Dans un premier temps, il est bon de rappeler que l’histoire des Oakies ne reflète pas la situation de l’ensemble des paysans américains puisque dès 1932, la majorité des travailleurs agricoles reçut des aides de l’état. Le cas des familles de l’Oklahoma était donc exceptionnel et il faut rappeler que la crise, appelée couramment "Great depression", a essentiellement touché la population des villes.
Dans The grapes of wrath, John Ford crée une opposition entre le monde citadin et celui de la campagne qui n’est pas juste au regard de l’histoire : dans chacune des scènes qui voient la famille Joad entrer en ville, Ford dépeint un monde riche et renfermé qui rejette et met en exergue la pauvreté des Joad et par extension celle du monde rural. Dans la ville, tout est payant (Ford filme de façon récurrente des panneaux annonçant le tarif de l’eau ou du camping), les voitures modernes klaxonnent et bousculent le vieux camion des Joad, le regard des citadins fuit le spectacle de la misère…

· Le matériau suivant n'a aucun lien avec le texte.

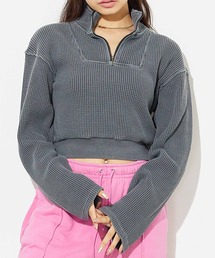 X-girl | PIGMENT DYED WAFFLE HALF ZIP TOP(Tシャツ/カットソー)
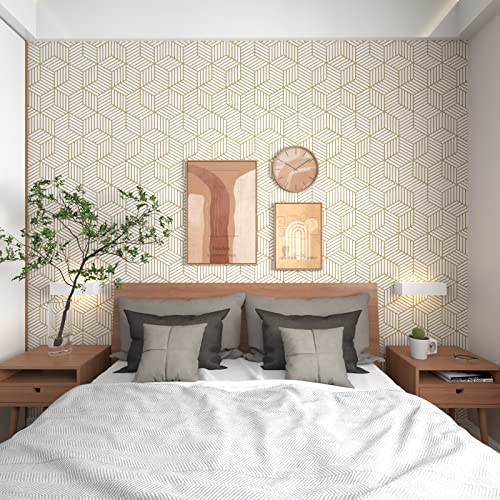 Gold and White Geometric Wallpaper Peel and Stick Wallpaper Hexagon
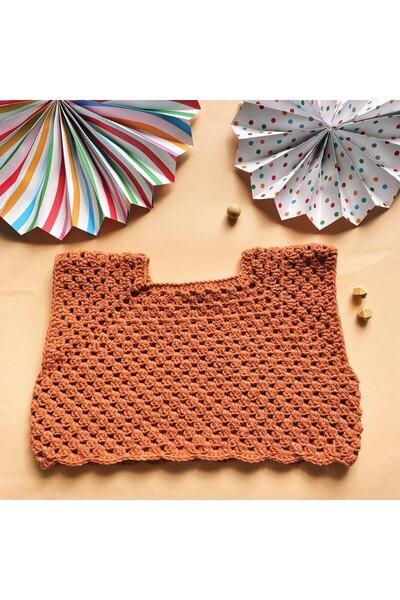 The Cloudish Shop Kız Bebek Çocuk Merserize El Örgüsü Crop Bluz 3-4 Yaş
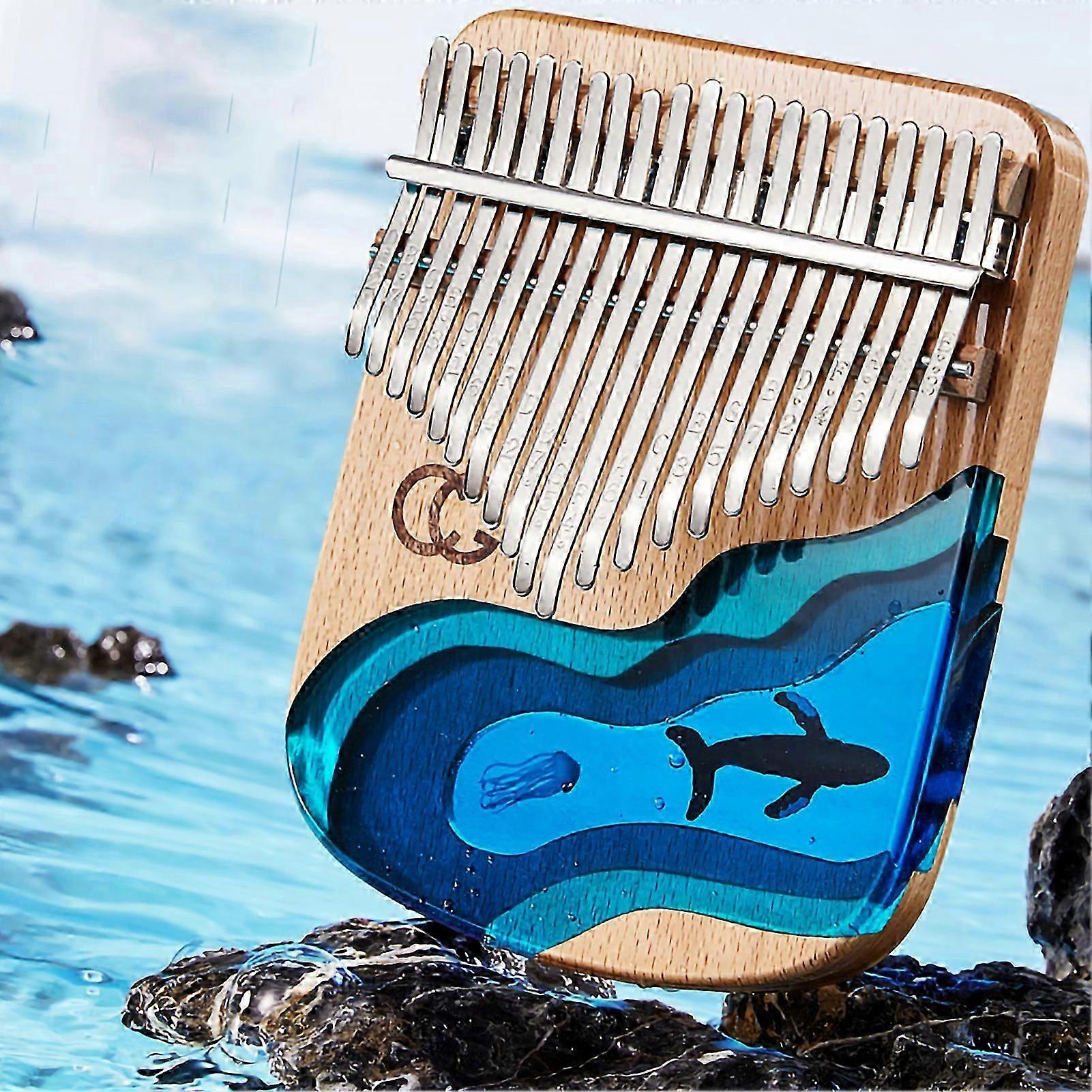 Portable Pouce Piano Multiples Tons Mini Résine Kalimba Doigt Pincé Instrument De Musique 21 Tons Baleine
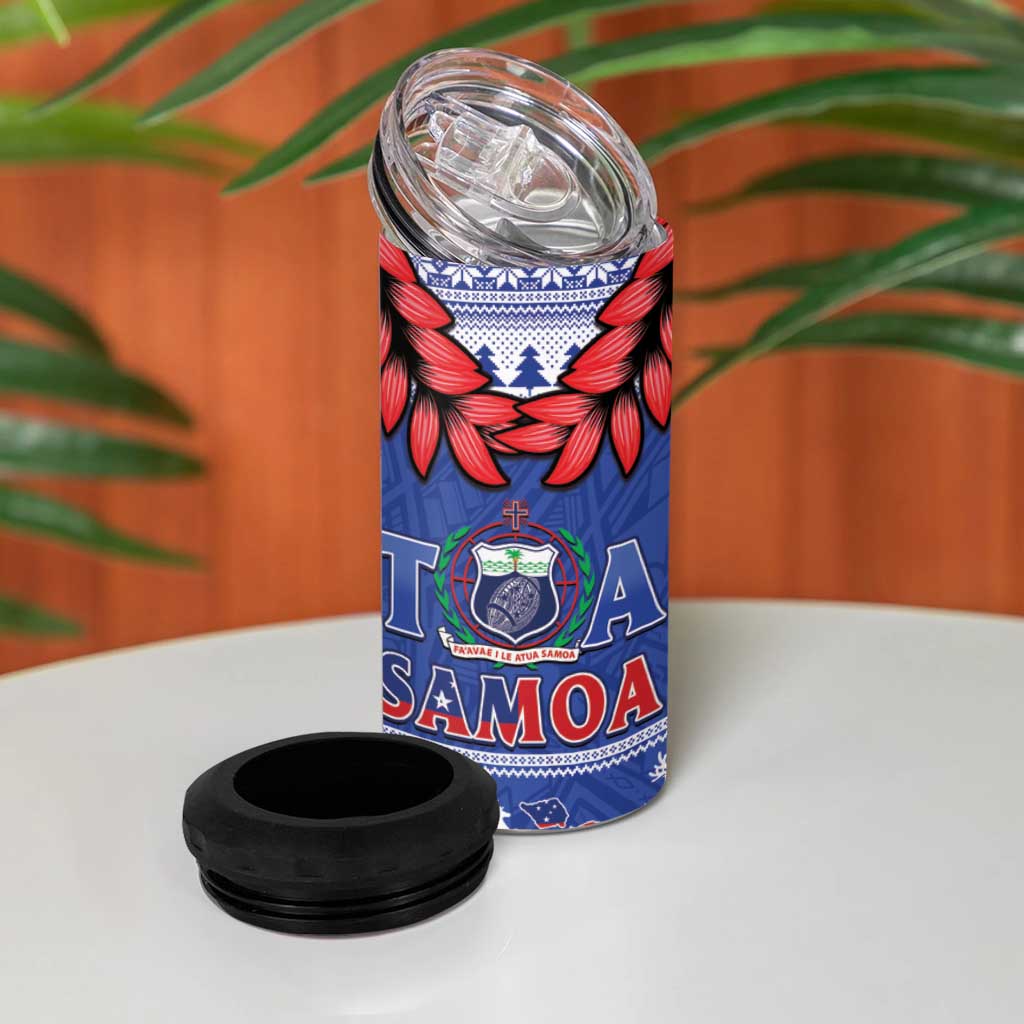 Toa Samoa Rugby Christmas 4 in 1 Can Cooler Tumbler Ula Fala Samoan Pattern Blue - Polynesian Pride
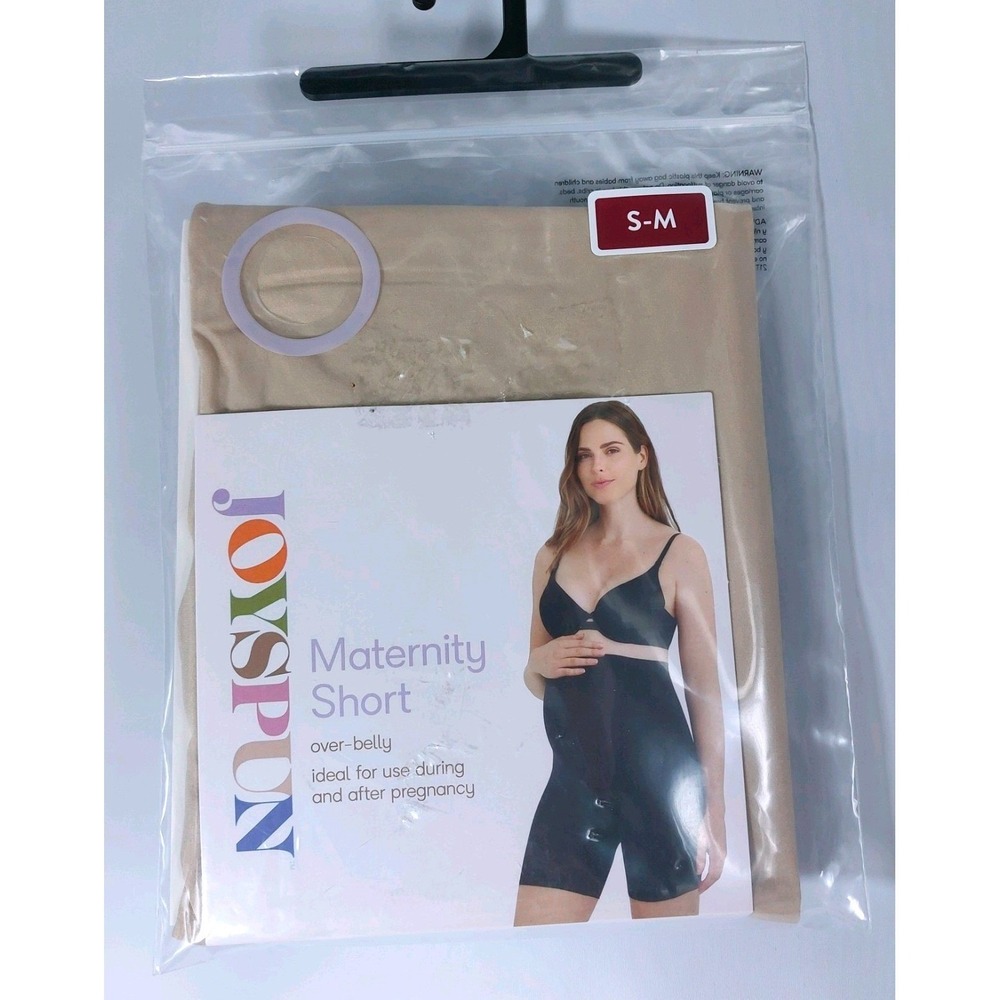 Joyspun Maternity Shorts Over Belly Size S-M Nude Tan Soft Under Dress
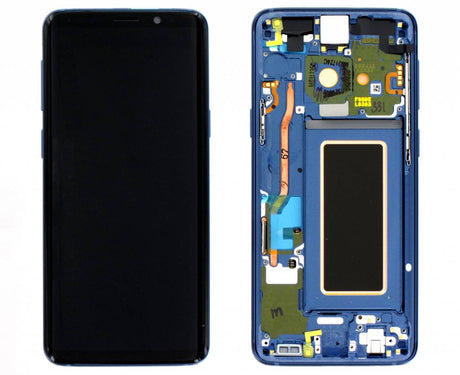 Samsung Galaxy S9 (SM-G960F) Complete LCD with Frame in Blue — Service Pack (SVC) [GH97-21697D]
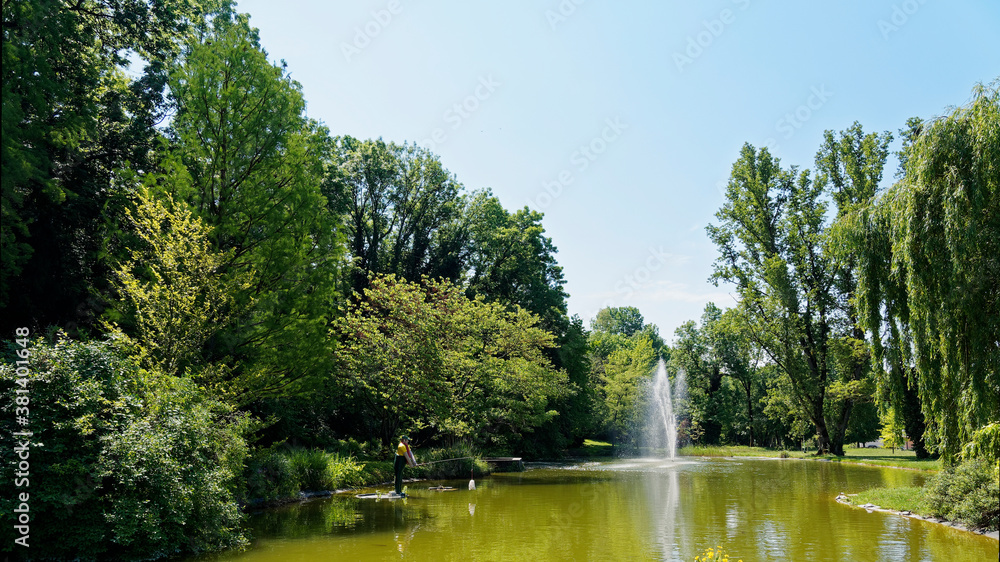 Bad Bellingen im Markgräflerland (Bade-Wurtemberg) - Magnifique bassin avec jet d'eau et aménagements aquatiques et floral au centre du parc des thermes Bad Bellingen im Markgräflerland (Bade-Wurtemberg) - Magnifique bassin avec jet d'eau et aménagements aquatiques et floral au centre du parc des thermes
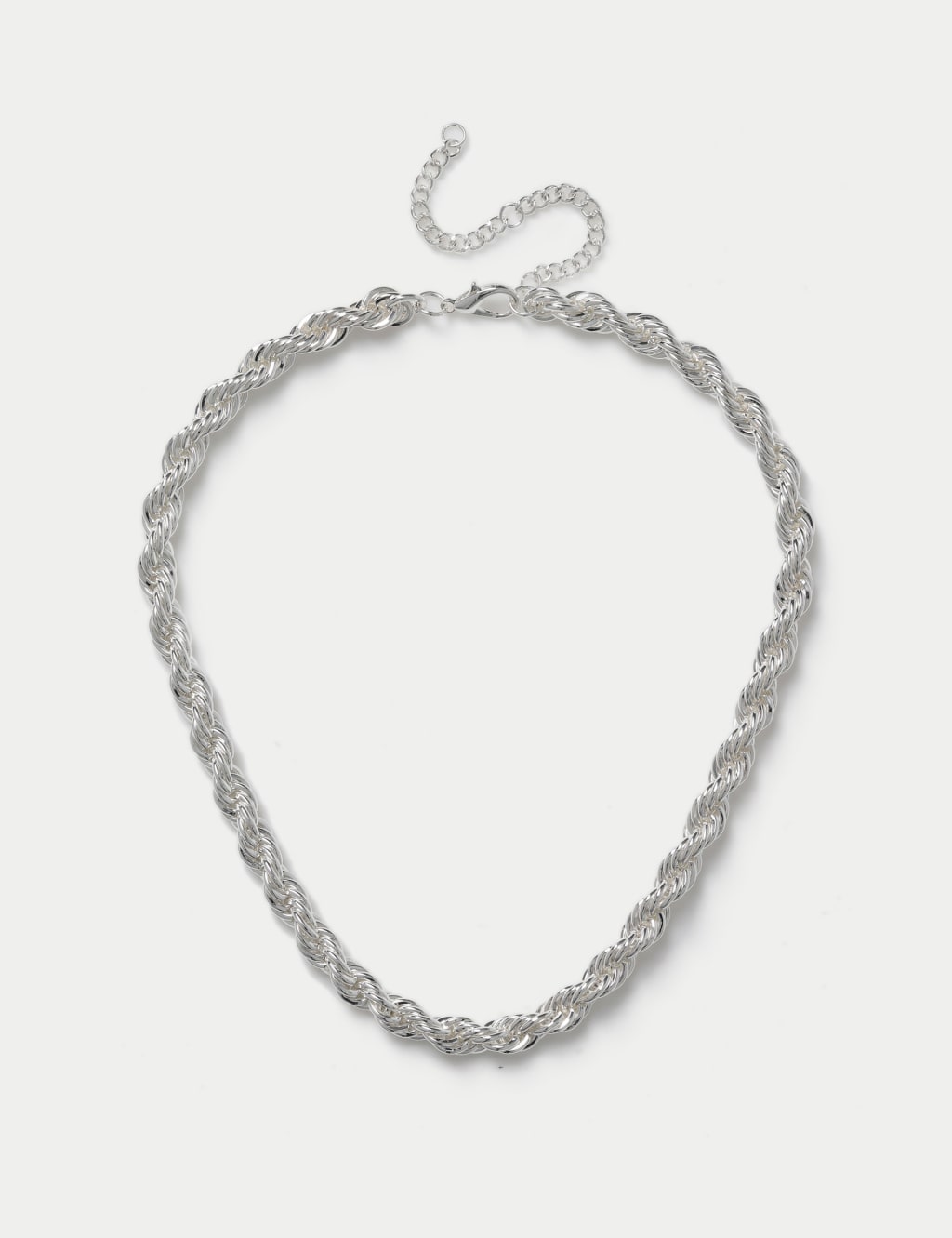 Silver Tone Chunky Twist Rope Chain 1 of 3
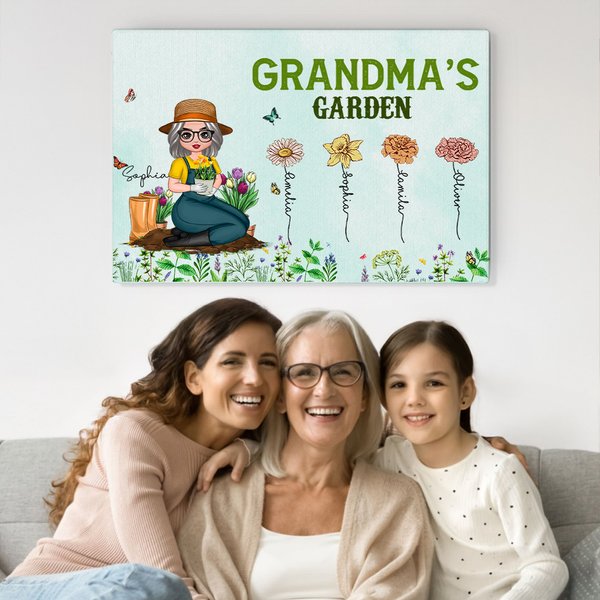 Personalizzato personaggio dei cartoni animati nascita giardino floreale Poster senza cornice con 1-12 nomi Home Decor Regalo per la festa della mamma nonna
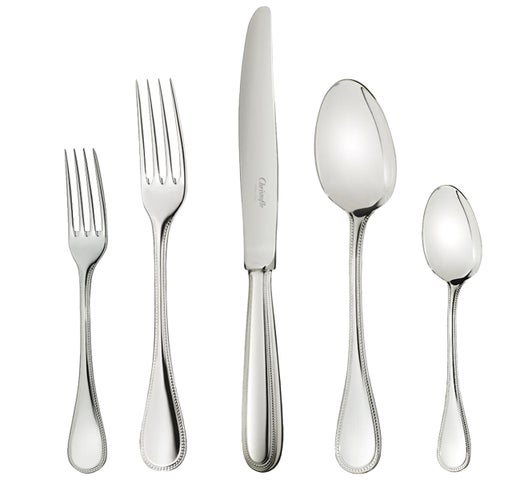 Christofle Perles 5pc. Stainless Steel Flatware Set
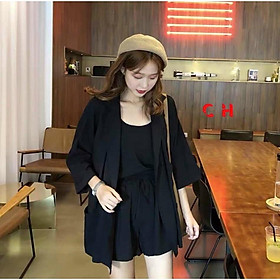 Sét vest 3 món chất đũi quần chun co giãn phối đồ chung riêng đều đẹp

Pourtant la pauvreté n’était pas absente de la cité, bien au contraire : c’est au sein des grandes mégalopoles que la crise atteignait son paroxysme et sur ce point Chaplin, avec ses Temps modernes (1936), avait une approche plus fidèle de l’Histoire. Ceci prouve que l’objectif de Ford n’était pas de signer un film documentaire mais plutôt de se poser au carrefour des civilisations. Comme souvent chez le cinéaste, les symboles embrassent l’histoire avec une ampleur infinimentplus large que celle décrite par le scénario.